Monday, June 4, 2012

Fantabulous Weekend .. and a reflection on my Daddy

The weather was perfect this weekend!

I worked on Saturday (boo..hiss!!!), but still went and played tennis with the boy.

Now, I have to remind myself, I HAVE to eat at least an hour before working out.  Period.  If I don't I just feel weak and nauseous.  We were only able to play for about an hour....and that was with me taking one break to lay on the ground.  My serves were stupid, as were my volleys. 

So, Sunday, I went on my normal 3 mile walk with Jody, then went home and cooked the hubby birthday breakfast and then  we went and played tennis....for almost 2 hours !!  Mikey's goal was to make it to an hour and a half.  We have been playing for an hour each time we played now, and he wanted to build it up.  I could tell the last 20 minutes he was really tired.  Now, keep in mind, this is my college senior.  He weighs 196 - but doesn't look it - he's tall and muscular.  But, he's out of shape.  His stamina sucks.  We are going next weekend to get him some new running shoes so we can start training for 5k's. 

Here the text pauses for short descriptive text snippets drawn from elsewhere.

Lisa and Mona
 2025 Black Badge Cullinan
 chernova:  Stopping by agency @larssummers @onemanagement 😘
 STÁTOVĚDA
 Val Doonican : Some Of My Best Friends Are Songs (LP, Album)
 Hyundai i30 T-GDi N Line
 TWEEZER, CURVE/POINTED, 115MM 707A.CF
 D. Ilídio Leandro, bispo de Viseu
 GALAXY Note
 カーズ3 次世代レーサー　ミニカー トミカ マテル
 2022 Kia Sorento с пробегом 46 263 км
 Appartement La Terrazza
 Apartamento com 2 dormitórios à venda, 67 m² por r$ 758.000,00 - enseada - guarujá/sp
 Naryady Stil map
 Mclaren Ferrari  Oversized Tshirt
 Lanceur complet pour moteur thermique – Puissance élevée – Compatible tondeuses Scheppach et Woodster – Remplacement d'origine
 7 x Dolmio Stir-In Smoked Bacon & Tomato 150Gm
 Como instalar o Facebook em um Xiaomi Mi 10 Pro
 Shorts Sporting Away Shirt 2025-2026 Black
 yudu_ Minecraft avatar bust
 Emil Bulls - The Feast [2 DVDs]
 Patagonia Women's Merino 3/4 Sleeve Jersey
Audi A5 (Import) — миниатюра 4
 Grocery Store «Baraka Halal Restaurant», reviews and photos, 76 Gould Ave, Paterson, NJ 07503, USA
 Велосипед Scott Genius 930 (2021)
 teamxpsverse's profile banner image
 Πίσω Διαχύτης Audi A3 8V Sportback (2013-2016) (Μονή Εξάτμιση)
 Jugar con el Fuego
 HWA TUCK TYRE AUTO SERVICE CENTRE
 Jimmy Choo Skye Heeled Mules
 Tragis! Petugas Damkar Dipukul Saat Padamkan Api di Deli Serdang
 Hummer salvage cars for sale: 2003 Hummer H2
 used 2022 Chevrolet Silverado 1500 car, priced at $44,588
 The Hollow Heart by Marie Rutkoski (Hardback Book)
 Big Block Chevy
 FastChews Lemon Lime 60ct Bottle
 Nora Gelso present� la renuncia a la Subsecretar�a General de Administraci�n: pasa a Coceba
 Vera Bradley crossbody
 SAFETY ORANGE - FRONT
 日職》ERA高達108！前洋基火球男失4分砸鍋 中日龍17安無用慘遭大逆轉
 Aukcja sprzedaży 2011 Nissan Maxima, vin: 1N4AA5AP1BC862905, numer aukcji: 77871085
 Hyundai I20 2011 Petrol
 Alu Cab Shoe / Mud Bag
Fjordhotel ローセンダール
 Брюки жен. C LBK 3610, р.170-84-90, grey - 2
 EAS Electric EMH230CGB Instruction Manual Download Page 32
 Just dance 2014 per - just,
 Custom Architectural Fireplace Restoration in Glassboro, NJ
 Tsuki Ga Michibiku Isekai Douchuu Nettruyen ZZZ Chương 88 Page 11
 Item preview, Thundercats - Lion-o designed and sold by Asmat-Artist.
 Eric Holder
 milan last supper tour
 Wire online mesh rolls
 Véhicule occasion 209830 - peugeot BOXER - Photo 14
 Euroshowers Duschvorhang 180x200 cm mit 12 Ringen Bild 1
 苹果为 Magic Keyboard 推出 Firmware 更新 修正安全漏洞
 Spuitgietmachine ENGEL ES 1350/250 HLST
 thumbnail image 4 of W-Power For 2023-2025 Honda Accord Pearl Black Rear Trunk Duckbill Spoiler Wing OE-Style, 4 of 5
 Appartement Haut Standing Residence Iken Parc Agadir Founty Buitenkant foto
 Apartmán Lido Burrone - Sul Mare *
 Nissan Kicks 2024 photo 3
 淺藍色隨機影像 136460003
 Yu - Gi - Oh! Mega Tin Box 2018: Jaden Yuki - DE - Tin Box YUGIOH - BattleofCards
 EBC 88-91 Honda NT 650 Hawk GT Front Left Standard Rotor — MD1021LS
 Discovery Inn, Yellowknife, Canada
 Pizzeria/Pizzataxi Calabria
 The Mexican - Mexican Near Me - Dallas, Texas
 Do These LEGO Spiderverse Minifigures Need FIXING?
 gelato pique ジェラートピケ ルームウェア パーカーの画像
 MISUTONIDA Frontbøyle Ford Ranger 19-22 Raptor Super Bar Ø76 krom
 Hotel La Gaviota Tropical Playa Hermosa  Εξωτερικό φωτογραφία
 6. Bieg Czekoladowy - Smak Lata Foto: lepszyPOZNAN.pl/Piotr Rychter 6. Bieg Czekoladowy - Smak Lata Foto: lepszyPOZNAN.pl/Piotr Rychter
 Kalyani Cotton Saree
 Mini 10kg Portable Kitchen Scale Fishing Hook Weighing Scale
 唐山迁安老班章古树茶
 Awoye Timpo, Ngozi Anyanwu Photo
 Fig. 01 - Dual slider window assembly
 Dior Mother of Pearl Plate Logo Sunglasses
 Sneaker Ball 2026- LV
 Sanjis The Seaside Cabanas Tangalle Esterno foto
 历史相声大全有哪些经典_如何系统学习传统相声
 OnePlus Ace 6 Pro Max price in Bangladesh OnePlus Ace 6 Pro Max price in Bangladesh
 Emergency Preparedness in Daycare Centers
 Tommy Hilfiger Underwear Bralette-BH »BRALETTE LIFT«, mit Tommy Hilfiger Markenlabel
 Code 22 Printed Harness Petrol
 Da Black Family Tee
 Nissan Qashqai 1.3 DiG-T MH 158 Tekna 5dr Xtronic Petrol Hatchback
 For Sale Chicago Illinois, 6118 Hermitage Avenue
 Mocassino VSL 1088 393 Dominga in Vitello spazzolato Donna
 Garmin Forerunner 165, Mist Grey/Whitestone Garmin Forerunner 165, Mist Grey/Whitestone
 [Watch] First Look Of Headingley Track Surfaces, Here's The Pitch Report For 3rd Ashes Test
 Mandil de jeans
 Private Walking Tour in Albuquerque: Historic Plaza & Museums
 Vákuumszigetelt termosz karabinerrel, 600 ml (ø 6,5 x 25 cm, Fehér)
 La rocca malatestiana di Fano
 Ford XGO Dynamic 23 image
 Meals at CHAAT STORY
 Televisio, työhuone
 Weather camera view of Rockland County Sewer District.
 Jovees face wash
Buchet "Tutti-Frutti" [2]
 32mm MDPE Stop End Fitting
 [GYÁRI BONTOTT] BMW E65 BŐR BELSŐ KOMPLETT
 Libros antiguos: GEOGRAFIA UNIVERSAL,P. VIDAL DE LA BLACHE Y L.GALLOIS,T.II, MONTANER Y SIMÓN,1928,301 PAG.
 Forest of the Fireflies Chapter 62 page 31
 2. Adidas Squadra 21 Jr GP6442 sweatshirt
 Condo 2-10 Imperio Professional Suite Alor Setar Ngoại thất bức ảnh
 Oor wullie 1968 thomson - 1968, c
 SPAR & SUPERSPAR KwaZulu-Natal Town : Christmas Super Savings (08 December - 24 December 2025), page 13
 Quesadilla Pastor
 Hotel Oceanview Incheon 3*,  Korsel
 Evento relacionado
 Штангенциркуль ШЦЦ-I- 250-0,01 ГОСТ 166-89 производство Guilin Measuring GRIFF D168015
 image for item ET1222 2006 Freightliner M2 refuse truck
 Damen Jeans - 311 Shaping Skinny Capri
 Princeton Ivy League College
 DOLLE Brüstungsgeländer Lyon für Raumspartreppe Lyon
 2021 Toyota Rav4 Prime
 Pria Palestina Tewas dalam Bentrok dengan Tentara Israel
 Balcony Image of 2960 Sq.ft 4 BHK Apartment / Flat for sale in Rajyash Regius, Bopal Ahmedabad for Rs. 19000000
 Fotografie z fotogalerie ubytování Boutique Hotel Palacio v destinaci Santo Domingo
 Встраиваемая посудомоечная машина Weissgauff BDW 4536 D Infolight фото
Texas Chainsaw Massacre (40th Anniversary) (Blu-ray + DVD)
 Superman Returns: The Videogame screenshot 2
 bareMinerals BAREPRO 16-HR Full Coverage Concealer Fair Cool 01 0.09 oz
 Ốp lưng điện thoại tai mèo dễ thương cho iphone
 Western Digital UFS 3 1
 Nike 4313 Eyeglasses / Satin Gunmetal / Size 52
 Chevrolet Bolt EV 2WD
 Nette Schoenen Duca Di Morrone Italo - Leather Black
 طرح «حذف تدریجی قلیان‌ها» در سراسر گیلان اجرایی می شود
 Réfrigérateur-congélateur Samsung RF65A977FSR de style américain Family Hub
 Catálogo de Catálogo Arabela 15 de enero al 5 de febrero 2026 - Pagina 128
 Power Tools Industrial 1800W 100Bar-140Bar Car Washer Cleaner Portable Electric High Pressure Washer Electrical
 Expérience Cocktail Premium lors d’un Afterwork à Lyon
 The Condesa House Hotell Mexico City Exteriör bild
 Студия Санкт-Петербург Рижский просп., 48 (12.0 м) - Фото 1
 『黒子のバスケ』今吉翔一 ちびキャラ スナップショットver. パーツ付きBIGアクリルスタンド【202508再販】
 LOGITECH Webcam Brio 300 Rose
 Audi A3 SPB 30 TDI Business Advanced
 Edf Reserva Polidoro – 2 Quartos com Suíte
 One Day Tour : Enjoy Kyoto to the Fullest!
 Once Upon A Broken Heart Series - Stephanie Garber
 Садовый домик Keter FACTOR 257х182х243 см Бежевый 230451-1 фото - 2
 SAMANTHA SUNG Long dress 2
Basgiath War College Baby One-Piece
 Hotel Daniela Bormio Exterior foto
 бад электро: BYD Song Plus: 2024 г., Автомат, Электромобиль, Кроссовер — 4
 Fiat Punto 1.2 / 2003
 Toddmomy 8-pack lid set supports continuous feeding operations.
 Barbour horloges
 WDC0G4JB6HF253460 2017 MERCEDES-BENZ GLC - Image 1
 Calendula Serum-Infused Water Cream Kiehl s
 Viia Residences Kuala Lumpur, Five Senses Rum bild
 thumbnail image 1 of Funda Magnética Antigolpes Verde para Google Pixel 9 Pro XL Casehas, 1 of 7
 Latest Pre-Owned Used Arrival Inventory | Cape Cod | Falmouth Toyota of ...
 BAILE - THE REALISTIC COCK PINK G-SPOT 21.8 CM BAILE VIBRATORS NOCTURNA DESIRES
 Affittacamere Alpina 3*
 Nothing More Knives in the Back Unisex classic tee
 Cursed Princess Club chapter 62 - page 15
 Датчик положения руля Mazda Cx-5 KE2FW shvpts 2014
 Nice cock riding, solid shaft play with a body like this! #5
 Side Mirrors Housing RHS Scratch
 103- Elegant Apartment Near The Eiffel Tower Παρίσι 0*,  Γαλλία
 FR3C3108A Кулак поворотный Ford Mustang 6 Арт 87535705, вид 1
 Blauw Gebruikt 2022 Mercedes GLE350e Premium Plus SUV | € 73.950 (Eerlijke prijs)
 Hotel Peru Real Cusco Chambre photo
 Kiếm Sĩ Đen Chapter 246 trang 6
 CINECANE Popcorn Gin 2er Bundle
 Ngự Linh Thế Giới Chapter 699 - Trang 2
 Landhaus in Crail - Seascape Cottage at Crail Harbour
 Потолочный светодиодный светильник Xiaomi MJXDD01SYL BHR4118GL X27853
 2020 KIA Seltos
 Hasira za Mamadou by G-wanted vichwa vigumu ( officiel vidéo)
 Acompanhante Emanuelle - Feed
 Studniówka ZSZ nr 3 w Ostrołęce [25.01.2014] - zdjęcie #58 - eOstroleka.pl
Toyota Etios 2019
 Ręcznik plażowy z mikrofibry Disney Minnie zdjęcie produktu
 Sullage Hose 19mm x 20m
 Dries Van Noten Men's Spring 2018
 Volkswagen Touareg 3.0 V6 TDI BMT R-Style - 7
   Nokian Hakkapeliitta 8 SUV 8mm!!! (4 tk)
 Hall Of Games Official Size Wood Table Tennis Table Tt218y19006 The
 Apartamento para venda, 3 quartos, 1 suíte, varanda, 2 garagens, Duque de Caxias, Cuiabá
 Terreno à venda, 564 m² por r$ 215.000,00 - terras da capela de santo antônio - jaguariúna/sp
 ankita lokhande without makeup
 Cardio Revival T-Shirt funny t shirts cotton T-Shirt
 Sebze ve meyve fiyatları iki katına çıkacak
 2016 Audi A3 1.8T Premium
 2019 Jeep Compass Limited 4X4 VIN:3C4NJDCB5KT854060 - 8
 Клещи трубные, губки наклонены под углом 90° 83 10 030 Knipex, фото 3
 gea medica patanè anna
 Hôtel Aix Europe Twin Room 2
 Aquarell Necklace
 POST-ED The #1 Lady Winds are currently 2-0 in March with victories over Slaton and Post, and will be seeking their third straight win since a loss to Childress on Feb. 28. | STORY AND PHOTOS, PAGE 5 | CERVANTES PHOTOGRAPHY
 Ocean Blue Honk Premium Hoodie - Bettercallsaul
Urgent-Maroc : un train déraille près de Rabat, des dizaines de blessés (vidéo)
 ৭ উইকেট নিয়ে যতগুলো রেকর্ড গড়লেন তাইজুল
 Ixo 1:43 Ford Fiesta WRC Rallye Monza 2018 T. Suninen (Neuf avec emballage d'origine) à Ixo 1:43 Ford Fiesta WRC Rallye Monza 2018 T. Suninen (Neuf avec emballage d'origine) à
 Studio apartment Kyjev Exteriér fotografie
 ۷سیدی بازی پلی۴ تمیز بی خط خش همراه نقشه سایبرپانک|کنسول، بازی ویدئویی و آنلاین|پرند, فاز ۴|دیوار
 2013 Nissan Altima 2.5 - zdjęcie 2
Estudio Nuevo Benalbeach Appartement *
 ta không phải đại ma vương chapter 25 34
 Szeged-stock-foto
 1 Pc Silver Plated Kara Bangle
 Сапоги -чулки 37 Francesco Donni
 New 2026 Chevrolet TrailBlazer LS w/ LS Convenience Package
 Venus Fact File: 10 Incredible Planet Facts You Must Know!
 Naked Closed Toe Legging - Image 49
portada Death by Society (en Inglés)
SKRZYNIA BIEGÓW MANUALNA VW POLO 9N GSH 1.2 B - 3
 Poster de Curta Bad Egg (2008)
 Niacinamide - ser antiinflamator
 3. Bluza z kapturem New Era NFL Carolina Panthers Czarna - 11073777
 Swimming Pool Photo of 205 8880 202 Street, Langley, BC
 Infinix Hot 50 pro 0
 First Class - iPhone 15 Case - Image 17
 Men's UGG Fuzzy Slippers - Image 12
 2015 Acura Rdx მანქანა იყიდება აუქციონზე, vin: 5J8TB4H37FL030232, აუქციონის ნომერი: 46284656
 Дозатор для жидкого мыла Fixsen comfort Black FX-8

Breakfast - 2oz country ham (yes, sodium out the wazoo, I know!!), 1/2c grits w/ sugar free polaner, 1 egg + 2 whites.  The hubby and kids had toast and no grits.


June 3rd is always a happy and sad day for me.

It's my hubby's birthday.

And....it was also my dad's birthday.

Weird, I know, marrying someone who has the same birthday as my dad.  But he's the love of my life.  I couldn't live without him.  He's a great father, a fantastic cheerleader and he takes care of us.  Our 22nd wedding anniversary is in December.

My love on the ferry to Ocracoke Island :



Us at the top of the Hatteras Lighthouse







My dad would have been 64 yesterday.

He passed in 2008.  I miss him every day.  I never got to say good-bye.  The last time I got to talk to him was in August of 2008.  He passed on December 9th of that year....the day before my wedding anniversary. 

Part of the reason that I started this journey is that I don't want to end up like him.  He had multiple health issues.  He had diabetes.  He had congestive heart failure.  He had to have a defibrulator installed.  He had lung cancer at one point, 5 years AFTER he stopped smoking.  The last time I saw him in 2007, he looked like a 90 year old man.

What killed him?

A staph infection that settled in his difibrulator.

I love my daddy.

But I don't want to be him.

Even though I look like him.  Even though I'm built like him, and, unfortunately, so is my daughter, I don't want to be him.

I want to be better - an make him proud to call me his daugther in heaven :) 

I need to get some pictures from the photo frame digital thing my mom sent me for Christmas after dad passed and share them here.  I was definitley Daddy's Girl.

Have a great Monday all :)

Zumba tonight! Then possibly tennis with the boy, and walk with my bestie.